Most authors, whatever their field of activity, whatever their amateur or professional status, have a genuine interest in favoring an ecosystem where works can be spread, re-used and derived in creative ways. The easier it is to re-use and derive works, the richer our cultures become.
To ensure the graceful functioning of this ecosystem, works of authorship should be free, and by freedom we mean:
- the freedom to use the work and enjoy the benefits of using it
- the freedom to study the work and to apply knowledge acquired from it
- the freedom to make and redistribute copies, in whole or in part, of the information or expression
- the freedom to make changes and improvements, and to distribute derivative works
These freedoms should be available to anyone, anywhere, anytime.

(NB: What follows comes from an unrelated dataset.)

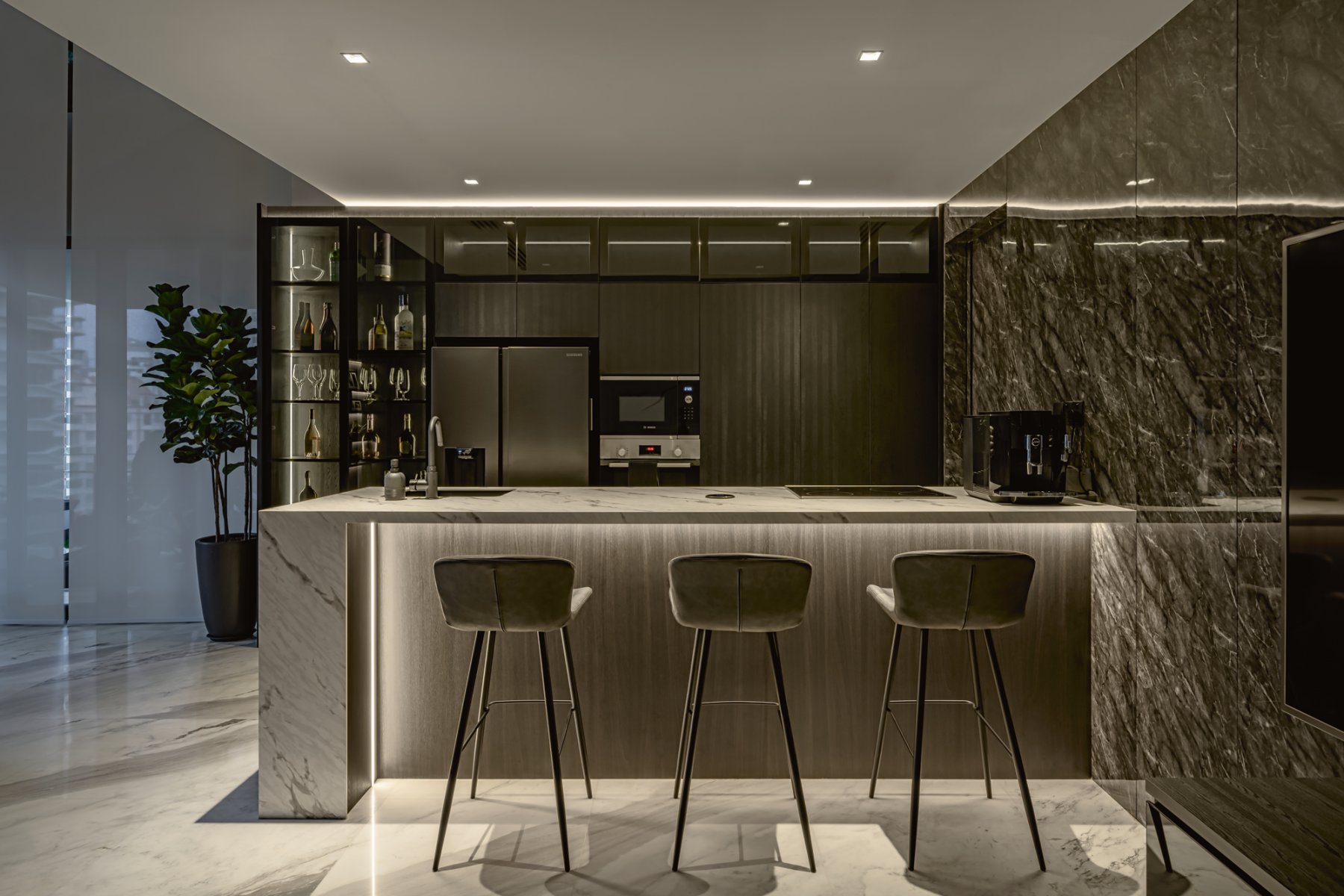 The kitchen island is a popular spot where the couple gather for quick meals and drinks with friends after a busy day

They should not be restricted by the context in which the work is used. Creativity is the act of using an existing resource in a way that had not been envisioned before.

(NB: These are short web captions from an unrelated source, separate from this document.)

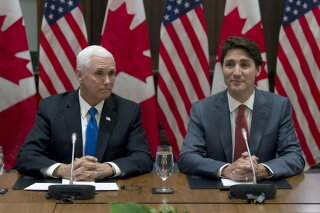 Canadian Prime Minister Justin Trudeau, right, and U.S. Vice President Mike Pence wait for the Canadian Council for the United States–Mexico–Canada Agreement meeting to begin on Parliament Hill in Ottawa, Ontario, Thursday, May 30, 2019. (Adrian Wyld/The Canadian Press via AP)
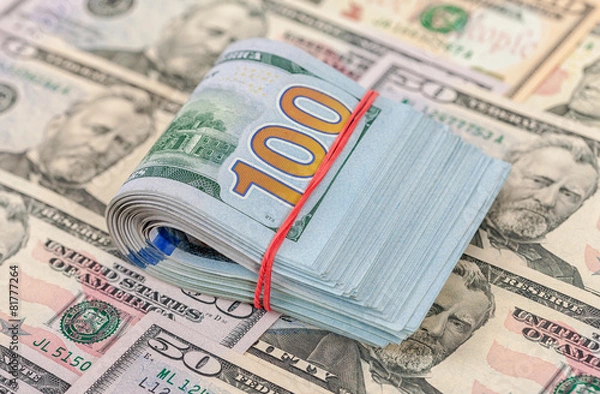 Obraz Folded dollar bills wrapped by rubber lying over  banknotes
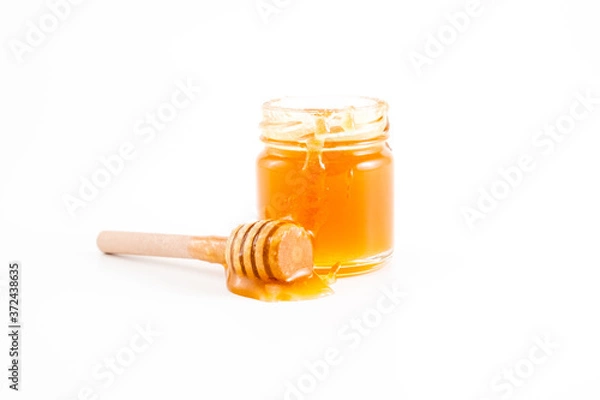 Obraz honey and honey in jar on white background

In most countries however, these freedoms are not enforced but suppressed by the laws commonly named copyright laws. They consider authors as god-like creators and give them an exclusive monopoly as to how "their content" can be re-used. This monopoly impedes the flourishing of culture, and it does not even help the economic situation of authors so much as it protects the business model of the most powerful publishing companies.
In spite of those laws, authors can make their works free by choosing among a vast array of legal documents known as free licenses. For an author, choosing to put his work under a free license does not mean that he loses all his rights, but it gives to anyone the freedoms listed above.
It is important that any work that claims to be free provides, practically and without any risk, the aforementioned freedoms. This is why we hereafter give a precise definition of freedom for licenses and for works of authorship.